The Rhythm of Holy Week

Holy week begins with shouts of acclamation and high expectations. To the disciples, who failed to grasp Jesus’ foreshadowing of what was about to take place, it must have seemed that the one on whom their hopes were pinned had finally come into his own. His success would be theirs. But nothing happens. Jesus visits the temple, takes in the scene and then abruptly leaves. “Perhaps the revolution begins tomorrow,” the disciples think to themselves, as they make their way back to Bethany.

 The light of day does not bring the launch of  the revolution either, only a series of awkward incidents. A hungry Jesus curses a fig tree on the way to Jerusalem. He visits the temple again, this time  turning over the money changers’ tables and calling the place a “den of thieves.” Exchanges with the religious leaders on Tuesday prove to be testy and dangerous, as Jesus asnwers their objections and teaches under their withering gaze.

By Wednesday the false momentum of Sunday has dissipated entirely. Judas has made his bargain, sealed with a promise of money. The welcoming crowd is dispersed. It is a day of silence and one cannot help feeling that greater forces are on the move. The disciples sense it growing about them, thick and still like a looming storm.

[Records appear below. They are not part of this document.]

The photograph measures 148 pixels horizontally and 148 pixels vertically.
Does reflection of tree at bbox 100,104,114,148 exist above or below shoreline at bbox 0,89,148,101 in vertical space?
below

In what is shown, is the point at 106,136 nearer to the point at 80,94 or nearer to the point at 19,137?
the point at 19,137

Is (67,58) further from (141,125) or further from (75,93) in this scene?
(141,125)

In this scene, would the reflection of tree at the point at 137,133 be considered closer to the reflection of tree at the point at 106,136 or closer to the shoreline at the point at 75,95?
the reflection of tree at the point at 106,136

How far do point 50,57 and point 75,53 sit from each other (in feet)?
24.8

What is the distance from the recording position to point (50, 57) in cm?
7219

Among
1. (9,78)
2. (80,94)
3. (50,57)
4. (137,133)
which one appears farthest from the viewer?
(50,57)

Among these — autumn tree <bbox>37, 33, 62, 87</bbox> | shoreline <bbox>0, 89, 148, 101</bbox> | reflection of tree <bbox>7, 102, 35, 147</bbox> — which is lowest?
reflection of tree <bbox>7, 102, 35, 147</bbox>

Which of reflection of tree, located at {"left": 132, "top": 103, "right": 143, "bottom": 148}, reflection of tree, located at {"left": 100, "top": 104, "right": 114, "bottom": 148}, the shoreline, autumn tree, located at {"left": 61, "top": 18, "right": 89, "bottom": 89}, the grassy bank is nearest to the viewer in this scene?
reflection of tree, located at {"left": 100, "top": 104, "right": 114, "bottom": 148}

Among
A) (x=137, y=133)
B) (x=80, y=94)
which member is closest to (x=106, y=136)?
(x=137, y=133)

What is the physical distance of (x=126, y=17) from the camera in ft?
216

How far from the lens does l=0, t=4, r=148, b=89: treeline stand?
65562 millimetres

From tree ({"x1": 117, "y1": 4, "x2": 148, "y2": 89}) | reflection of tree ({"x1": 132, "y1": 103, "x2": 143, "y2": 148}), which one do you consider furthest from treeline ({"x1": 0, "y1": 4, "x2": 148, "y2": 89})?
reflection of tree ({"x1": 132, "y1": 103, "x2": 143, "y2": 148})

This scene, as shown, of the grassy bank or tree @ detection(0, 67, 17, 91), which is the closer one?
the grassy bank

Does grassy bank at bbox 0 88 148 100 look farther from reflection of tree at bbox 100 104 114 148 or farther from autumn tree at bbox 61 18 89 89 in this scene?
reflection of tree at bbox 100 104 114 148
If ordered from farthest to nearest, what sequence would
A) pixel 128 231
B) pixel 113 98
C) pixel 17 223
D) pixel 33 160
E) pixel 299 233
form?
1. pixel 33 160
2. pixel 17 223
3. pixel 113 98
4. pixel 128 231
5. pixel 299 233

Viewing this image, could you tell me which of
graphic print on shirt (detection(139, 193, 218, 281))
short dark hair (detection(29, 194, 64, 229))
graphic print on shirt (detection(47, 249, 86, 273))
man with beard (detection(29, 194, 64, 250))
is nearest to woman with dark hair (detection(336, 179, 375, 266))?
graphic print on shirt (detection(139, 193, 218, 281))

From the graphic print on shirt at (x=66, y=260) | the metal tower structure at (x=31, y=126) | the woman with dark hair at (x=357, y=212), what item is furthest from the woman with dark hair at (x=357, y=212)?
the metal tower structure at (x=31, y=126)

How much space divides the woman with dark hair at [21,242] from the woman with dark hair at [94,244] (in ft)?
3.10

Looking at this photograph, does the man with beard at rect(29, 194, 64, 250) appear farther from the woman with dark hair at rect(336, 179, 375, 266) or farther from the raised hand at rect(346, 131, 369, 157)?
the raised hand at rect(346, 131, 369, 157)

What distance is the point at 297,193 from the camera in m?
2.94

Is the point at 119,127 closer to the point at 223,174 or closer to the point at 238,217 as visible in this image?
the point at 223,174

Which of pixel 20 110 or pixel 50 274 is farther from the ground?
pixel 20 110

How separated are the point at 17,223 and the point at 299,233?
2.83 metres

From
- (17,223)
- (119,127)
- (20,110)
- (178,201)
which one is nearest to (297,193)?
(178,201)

 And then the Passover arrives. Did they expect this to be the high point of the week? The celebration of a new Exodus? Instead, Jesus is brooding and sorrowful. His actions are strange. He interrupts the familiar Passover liturgy to wash the disciples’ feet. “You do not realize what I am doing,” he says when Peter objects. Jesus’ words are even stranger. Filled with disturbing predictions of betrayal and death, they leave the disciples shaken.

 And we are shaken with them. Because the rhythm of Holy Week is the rhythm of our own lives. It is a descending rather than an ascending trajectory. It is the way of death. The way of the cross. The seed must fall to the ground, if the life in it is to be manifest. And we feel ourselves falling with them.